本日は、スタンプを作ろうというときに気をつけたい知的財産について解説していきます。
目次
- LINEのスタンプ審査ガイドライン
- 本業はもちろん、副業でも権利侵害はNG
- スタンプは著作物である
- スタンプとスタンプ名は商標にもなる
- スタンプ名と主なイラストは商標登録が必要
LINEのスタンプ審査ガイドライン
スタンプを販売するにあたっては、当たり前ですが、LINEが定めるルールにしたがうことになります。
LINEでは、「スタンプ審査ガイドライン」というものを公表しており、知的財産権については、以下のように定められています。
5.1.当社または第三者の商標権、著作権、特許権、意匠権などの知的財産権を侵害し、または使用されている素材がサードパーティの利用条件に違反しているもの
スタンプ審査ガイドライン
ここでは、「商標権、著作権、特許権、意匠権などの知的財産権」と書かれており、非常に幅広な表現になっていますが、特に注意が必要なのが商標権と著作権です。
本業はもちろん、副業でも権利侵害はNG
商標権と著作権の話に入る前に念のため触れておきますが、企業・個人の本業としてスタンプクリエイターとして活動される場合はもちろん、副業としてスタンプを販売しようという場合でも、他人の権利を侵害してはいけません。
プライベートな活動だったら大丈夫という話ではありませんので、本記事を参考に、十分気をつけてスタンプ制作をして頂ければと思います。
スタンプは著作物である
スタンプを作るときは、イラストを使うものが多いかと思われますので、本記事ではイラストに絞ってお伝えしていきます。

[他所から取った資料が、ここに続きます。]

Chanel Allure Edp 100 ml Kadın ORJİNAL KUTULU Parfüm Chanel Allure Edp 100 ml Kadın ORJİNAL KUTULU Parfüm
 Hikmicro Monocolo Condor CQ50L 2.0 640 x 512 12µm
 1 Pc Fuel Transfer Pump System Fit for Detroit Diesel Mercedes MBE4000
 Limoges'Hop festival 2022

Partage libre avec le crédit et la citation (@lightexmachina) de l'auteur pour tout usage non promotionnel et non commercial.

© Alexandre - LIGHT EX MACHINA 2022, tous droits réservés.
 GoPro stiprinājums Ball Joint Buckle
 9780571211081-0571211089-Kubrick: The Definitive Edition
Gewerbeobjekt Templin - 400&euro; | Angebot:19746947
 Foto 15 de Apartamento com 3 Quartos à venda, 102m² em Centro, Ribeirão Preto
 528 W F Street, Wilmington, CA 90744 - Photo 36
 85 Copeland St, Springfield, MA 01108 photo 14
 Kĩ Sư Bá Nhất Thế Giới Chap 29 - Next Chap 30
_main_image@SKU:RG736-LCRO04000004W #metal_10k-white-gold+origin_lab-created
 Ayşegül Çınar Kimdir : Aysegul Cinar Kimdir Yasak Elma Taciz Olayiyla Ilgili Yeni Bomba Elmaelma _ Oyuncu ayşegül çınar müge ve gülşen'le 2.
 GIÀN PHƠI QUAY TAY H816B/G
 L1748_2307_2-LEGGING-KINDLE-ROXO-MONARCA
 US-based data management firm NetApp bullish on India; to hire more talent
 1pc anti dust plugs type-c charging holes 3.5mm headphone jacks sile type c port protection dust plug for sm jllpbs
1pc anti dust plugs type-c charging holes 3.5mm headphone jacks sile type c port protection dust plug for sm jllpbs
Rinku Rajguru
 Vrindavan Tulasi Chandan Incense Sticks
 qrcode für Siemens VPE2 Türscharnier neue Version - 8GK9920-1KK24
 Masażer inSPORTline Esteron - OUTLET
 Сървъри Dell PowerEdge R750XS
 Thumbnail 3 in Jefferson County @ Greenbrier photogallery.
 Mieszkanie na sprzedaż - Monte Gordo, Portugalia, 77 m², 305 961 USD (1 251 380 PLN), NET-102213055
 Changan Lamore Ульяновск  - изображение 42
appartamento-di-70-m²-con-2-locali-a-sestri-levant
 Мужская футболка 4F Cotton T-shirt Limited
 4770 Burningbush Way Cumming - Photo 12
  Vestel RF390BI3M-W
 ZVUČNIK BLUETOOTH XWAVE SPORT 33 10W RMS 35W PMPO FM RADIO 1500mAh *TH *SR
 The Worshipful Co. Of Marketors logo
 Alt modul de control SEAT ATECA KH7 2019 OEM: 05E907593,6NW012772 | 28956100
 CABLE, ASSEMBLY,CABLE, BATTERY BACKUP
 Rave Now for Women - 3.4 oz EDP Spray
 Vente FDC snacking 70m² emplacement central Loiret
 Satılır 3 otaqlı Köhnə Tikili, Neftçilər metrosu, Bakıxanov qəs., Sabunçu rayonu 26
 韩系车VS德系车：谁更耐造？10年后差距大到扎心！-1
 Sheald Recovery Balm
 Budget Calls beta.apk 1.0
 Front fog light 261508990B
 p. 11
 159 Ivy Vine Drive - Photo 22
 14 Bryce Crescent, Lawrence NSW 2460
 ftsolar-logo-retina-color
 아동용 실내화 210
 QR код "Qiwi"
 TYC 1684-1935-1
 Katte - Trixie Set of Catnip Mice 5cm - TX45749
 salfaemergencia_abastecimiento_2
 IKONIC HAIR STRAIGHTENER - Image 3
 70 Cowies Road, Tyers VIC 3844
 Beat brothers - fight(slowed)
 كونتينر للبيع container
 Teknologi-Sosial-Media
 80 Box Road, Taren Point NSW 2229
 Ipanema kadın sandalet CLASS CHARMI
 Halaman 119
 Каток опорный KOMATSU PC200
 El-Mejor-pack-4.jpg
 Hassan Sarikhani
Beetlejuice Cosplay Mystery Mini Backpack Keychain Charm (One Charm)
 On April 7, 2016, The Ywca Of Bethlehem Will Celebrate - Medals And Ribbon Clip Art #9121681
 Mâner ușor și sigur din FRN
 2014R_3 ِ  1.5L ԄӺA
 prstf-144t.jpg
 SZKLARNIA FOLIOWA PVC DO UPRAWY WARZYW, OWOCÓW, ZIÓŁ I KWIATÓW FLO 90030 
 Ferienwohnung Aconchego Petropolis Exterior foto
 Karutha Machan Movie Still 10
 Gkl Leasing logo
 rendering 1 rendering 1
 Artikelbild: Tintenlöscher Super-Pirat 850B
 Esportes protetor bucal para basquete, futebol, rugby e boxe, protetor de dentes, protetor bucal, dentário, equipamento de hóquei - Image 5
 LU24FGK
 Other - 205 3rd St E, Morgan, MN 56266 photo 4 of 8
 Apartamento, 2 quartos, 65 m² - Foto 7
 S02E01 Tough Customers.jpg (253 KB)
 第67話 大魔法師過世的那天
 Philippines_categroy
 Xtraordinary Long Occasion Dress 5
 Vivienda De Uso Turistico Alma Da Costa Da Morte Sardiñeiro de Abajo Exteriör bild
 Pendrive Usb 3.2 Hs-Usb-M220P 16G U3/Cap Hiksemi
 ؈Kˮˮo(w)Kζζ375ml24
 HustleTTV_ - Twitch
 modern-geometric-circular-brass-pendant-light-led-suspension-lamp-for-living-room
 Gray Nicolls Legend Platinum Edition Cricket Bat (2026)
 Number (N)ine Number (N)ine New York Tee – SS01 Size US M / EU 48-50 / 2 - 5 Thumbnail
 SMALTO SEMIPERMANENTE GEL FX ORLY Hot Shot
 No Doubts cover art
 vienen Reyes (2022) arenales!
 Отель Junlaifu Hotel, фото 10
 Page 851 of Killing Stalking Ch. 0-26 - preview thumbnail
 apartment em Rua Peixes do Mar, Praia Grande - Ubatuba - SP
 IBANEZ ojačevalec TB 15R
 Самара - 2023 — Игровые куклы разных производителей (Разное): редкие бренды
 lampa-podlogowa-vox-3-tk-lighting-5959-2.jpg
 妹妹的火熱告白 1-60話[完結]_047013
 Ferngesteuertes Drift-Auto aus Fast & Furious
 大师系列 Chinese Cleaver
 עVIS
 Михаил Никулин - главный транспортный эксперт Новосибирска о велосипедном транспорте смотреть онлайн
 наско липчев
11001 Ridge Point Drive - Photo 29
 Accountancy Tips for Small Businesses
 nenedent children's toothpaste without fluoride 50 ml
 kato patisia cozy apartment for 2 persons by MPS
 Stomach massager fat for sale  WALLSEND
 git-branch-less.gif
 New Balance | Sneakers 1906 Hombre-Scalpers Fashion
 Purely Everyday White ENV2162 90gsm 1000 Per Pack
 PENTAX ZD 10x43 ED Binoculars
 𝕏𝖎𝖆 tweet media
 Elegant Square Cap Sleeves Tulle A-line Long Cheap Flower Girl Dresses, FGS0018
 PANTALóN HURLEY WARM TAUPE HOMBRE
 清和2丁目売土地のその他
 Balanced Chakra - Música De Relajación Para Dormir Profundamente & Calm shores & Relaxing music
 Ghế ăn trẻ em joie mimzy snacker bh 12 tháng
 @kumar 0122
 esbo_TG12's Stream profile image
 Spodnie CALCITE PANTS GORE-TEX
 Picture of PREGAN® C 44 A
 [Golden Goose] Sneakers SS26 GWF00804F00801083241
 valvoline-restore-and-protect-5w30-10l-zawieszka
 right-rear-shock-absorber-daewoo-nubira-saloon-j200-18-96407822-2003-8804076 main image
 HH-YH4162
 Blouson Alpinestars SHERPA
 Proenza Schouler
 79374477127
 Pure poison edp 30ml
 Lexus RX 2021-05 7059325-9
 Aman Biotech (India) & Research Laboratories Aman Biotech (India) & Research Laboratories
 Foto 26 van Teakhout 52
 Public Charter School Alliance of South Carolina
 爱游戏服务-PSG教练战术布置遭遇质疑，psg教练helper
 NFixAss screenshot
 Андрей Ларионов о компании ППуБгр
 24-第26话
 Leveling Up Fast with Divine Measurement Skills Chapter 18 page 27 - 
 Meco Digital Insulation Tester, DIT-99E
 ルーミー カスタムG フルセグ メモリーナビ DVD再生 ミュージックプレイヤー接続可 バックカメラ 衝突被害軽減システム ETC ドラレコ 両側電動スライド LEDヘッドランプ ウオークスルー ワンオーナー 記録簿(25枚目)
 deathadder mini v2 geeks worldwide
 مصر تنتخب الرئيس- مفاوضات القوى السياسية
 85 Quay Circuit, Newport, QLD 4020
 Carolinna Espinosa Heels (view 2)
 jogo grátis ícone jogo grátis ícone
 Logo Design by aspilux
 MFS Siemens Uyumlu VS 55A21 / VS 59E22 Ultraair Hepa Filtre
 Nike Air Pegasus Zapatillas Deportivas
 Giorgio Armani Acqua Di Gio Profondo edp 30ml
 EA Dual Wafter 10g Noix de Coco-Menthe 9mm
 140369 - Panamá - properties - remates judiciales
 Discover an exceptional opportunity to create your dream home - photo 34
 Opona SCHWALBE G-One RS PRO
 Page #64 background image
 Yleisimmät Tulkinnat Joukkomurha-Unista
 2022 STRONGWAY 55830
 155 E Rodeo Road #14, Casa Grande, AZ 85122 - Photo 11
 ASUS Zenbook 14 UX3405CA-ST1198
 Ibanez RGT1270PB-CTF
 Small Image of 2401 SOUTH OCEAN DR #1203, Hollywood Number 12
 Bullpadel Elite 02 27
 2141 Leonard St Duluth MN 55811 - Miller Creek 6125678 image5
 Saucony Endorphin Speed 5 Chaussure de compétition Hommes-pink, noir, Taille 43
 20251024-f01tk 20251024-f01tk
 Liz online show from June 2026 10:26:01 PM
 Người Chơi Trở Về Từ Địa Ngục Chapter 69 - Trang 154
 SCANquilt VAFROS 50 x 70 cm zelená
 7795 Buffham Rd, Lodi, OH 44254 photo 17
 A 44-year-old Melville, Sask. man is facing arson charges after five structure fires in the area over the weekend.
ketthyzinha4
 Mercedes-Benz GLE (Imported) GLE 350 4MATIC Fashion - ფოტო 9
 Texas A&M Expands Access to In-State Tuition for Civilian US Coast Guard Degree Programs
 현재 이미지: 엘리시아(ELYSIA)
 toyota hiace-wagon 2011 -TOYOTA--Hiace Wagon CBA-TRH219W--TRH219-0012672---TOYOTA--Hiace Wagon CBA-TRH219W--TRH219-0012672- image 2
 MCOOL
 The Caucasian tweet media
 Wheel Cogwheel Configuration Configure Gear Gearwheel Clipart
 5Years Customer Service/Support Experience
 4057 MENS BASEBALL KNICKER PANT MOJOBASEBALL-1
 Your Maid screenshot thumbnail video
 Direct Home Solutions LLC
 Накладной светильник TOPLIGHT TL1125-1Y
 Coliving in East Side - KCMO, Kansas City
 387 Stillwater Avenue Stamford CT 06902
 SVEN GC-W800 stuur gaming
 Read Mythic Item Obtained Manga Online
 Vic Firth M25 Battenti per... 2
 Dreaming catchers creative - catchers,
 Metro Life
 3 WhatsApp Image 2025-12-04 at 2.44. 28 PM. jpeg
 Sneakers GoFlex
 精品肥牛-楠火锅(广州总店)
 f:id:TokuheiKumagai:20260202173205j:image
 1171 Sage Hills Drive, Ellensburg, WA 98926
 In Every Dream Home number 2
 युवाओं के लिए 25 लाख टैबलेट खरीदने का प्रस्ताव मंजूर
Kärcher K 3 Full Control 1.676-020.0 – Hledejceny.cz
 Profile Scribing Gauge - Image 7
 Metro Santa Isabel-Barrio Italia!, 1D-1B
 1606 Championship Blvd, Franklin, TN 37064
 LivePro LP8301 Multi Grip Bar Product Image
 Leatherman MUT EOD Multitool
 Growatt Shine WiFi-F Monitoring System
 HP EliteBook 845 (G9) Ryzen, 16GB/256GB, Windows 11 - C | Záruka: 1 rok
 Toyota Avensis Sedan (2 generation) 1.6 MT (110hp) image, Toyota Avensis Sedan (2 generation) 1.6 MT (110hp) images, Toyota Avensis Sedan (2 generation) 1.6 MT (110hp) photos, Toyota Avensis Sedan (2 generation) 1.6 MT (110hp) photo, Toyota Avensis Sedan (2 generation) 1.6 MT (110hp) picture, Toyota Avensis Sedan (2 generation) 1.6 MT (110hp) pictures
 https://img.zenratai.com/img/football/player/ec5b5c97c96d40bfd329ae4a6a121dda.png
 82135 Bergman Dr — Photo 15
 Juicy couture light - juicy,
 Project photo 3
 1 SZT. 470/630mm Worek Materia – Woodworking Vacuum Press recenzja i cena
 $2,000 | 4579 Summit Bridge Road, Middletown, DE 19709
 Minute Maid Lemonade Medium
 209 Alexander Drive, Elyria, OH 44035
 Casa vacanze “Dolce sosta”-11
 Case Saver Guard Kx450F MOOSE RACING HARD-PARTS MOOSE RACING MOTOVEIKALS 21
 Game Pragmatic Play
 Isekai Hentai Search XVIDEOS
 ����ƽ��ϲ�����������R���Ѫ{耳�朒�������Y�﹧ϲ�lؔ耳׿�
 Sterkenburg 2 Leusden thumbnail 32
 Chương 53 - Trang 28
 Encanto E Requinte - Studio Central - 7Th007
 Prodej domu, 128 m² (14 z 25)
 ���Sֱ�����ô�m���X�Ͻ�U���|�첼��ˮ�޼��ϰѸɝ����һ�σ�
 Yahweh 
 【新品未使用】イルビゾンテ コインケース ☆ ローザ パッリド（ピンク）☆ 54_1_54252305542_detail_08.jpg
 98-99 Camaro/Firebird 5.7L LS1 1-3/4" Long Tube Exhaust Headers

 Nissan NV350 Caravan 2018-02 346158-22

イラストは、美術の著作物として著作権法で保護されますので、ご自身が作られたスタンプが、他人が創作したイラストなどの著作物を複製等したものである場合、著作権法上の問題が生じることになります。
LINE社にて、審査ガイドラインが公表されていることからもお分かりいただけるよう、スタンプを販売するにあたってはLINE社にて審査を行っっています。
しかし、当たり前ですが、この審査を通過したからといって、誰の権利も侵害していないことのお墨付きがもらえるものではありません。
スタンプを制作するにあたっては、他人が創作したイラストなどを真似することがないよう、十分に気をつけましょう。
また、著作者の実名や最初の公表日を文化庁に申請して登録しておくことで、将来他人に真似された時や、真似していると疑いをかけられた時などのトラブル対策になります。
スタンプとスタンプ名は商標にもなる
スタンプは、美術の著作物であるといえますが、これと同時に、LINEというプラットフォームを通じてダウンロード可能な画像データであるとも言えます。
そして、その画像データの取引の目印となる主たる画像とスタンプ名は、ダウンロード可能な画像データの取引上の目印となります。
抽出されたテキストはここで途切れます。